New York-based Japanese ceramic artist Hideminy recently held a solo exhibition in the tea ceremony room at Globus Washitsu, a tatami mat complex near Union Square. The “Wholehearted Tea Party” displayed all of the essentials one needs to enjoy a cup of tea, including realistic, clay versions of Japanese sweets.
During the exhibit, New York-based Japanese tea ceremony master Souheki Mori of Tea-Whisk conducted four separate tea ceremonies for visitors, who also enjoyed the special handmade Japanese sweets created by Miyuki Hyodo, a Japanese confectioner.
I absolutely love the puppy dog cookie jars and the sachets filled with ceramic macaroons. The macaroons look good enough to eat! Hidemi recommends putting essential oils on the macaroons and store the sachets in your dresser drawers.
A native of Tokyo, Hidemi began her career as a fashion designer and found ceramics purely by accident. While taking a walk through Union Square, she noticed a pottery studio. “I walked upstairs and sat down at the wheel for the first time in my life,” says Hidemi. She was instantly hooked. She had no formal training, but Hidemi’s self-taught artistry reflects the work of a dedicated professional. She can’t say how long it takes to create her pieces, but ” . . . Sometimes I’ll look around my room and realize I’ve been sitting there for 18 hours – no food, no break – and my room is filled with my work,” Hidemi says.
She spent ten years searching for, designing, and perfecting her signature lace that adorns the majority of her tea cups, bowls, and flower vases. The items she creates mirror her Japanese heritage; you can see the aesthetic beauty and attention to detail in each piece.

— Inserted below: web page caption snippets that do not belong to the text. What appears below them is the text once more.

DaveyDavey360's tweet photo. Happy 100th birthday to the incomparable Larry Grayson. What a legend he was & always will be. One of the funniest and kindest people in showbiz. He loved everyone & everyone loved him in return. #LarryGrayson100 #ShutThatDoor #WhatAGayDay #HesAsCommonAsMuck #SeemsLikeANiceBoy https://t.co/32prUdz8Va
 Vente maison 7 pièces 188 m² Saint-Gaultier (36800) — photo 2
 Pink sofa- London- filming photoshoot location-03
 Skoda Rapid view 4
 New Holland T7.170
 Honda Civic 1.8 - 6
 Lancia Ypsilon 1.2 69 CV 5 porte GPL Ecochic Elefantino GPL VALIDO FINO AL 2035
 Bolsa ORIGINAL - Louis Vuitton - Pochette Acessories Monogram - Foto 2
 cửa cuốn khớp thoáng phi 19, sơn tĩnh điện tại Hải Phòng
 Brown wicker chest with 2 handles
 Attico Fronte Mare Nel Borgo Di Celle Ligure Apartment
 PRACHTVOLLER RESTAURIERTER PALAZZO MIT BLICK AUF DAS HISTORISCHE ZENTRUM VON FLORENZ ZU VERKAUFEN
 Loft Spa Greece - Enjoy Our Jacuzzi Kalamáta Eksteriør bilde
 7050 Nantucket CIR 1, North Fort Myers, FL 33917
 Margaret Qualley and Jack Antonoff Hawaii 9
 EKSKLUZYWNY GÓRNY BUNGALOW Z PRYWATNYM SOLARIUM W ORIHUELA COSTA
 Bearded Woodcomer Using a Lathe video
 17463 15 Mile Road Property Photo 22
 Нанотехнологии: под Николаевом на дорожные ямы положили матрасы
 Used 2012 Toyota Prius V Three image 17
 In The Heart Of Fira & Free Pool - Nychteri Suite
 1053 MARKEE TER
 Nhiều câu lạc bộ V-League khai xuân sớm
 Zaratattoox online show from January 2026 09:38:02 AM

Her incense holders and accessors take the form of cherry blossoms, plums, chrysanthemums, and pine trees.
Lately Hidemi has been experimenting with metallic colors to go along with her use of pastels, and her bowls are taking different shapes, sometimes unintentionally.
“I make many, many mistakes,” laughs Hidemi, adding that when she makes ten bowls, she’ll throw away eight or nine. “But after the mistakes, I learn more because making mistakes helps me with my designs.”
Hidemi’s designs express her inner beauty and joy , and she hopes people will react to her ceramics “as if it were a beautiful flower.”